▸ **Records provided**:
########################################

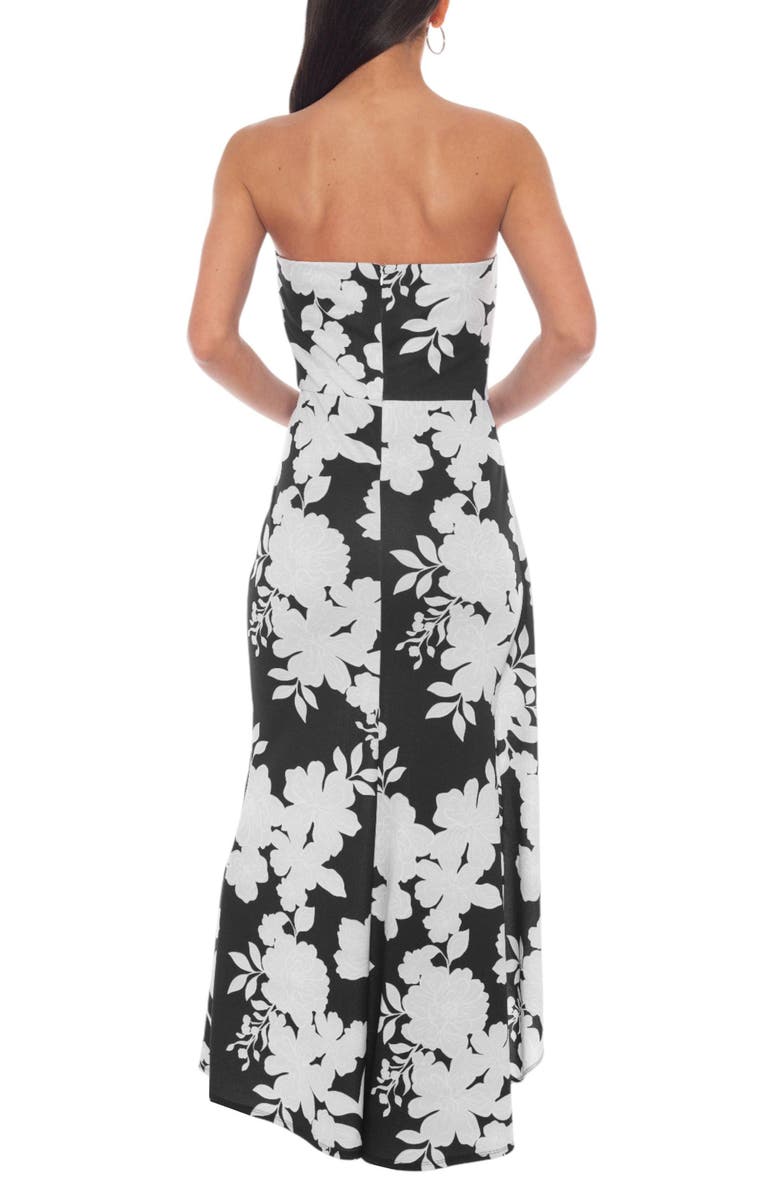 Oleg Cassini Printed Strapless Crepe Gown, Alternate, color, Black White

########################################

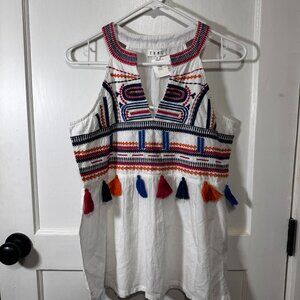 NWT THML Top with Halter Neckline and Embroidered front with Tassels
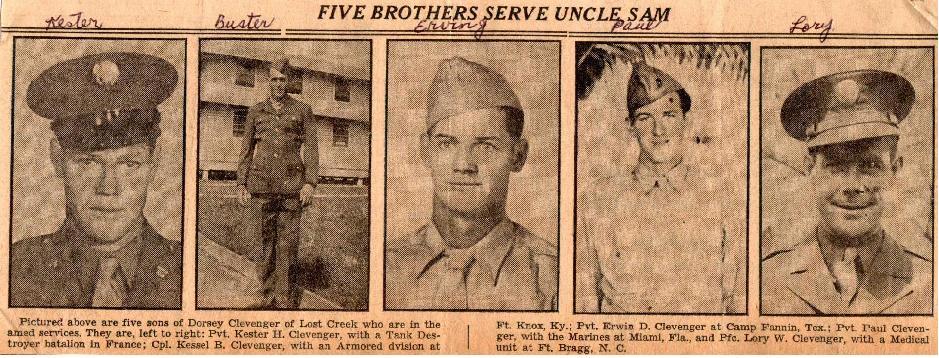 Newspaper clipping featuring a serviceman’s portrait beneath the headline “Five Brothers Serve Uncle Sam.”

########################################

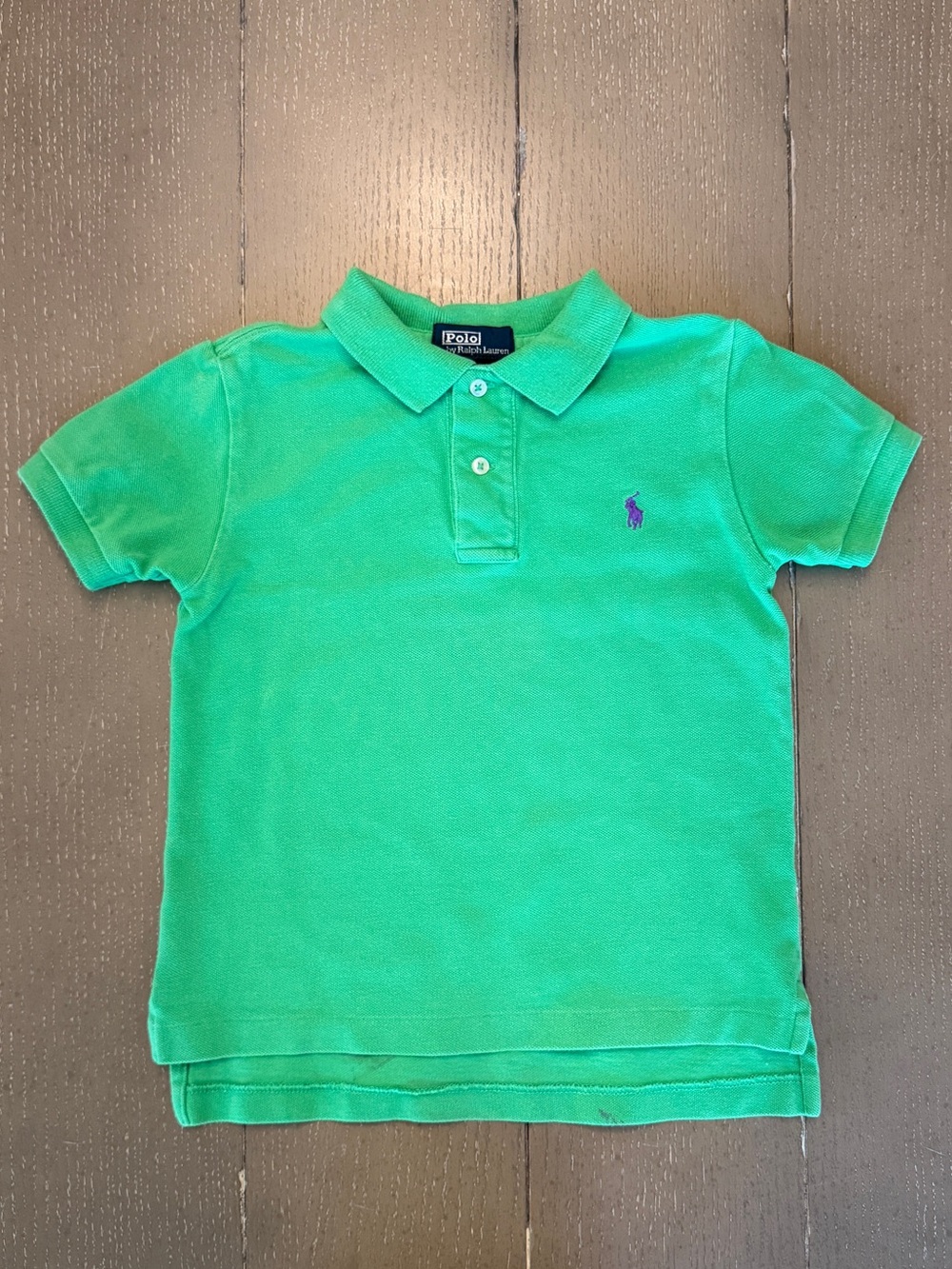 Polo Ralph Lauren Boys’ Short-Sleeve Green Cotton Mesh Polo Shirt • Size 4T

########################################

▸ **Instructions for the task**: Restate word for word every line from the one with "NWT THML Top" up to and including the one with "Newspaper clipping featuring" in the records above, minus the pictures.

▸ **Answer for the task**:
 NWT THML Top with Halter Neckline and Embroidered front with Tassels
 Newspaper clipping featuring a serviceman’s portrait beneath the headline “Five Brothers Serve Uncle Sam.”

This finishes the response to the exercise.